Machine learning analysis to interpret the effect of the photocatalytic reaction rate constant (k) of semiconductor-based photocatalysts on dye removal

J Hazard Mater. 2024 Mar 5:465:132995. doi: 10.1016/j.jhazmat.2023.132995. Epub 2023 Nov 11.

Abstract

Photocatalytic reactions with semiconductor-based photocatalysts have been investigated extensively for application to wastewater treatment, especially dye degradation, yet the interactions between different process parameters have rarely been reported due to their complicated reaction mechanisms. Hence, this study aims to discern the impact of each factor, and each interaction between multiple factors on reaction rate constant (k) using a decision tree model. The dyes selected as target pollutants were indigo and malachite green, and 5 different semiconductor-based photocatalysts with 17 different compositions were tested, which generated 34 input features and 1527 data points. The Boruta Shapley Additive exPlanations (SHAP) feature selection for the 34 inputs found that 11 inputs were significantly important.
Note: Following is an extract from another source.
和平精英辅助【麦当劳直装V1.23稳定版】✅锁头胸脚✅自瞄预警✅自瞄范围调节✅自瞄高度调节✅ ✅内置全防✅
The decision tree model exhibited for 11 input features with an R2 value of 0.94. The SHAP feature importance analysis suggested that photocatalytic experimental conditions, with an importance of 59%, was the most important input category, followed by atomic composition (39%) and physicochemical properties (2%). Additionally, the effects on k of the synergy between the metal cocatalysts and important experimental conditions were confirmed by two feature SHAP dependence plots, regardless of importance order. This work provides insight into the single and multiple factors that affect reaction rate and mechanism.

Keywords: Dye degradation; Machine learning; Photocatalysis; Reaction rate constant (k); Two-feature SHAP interactions.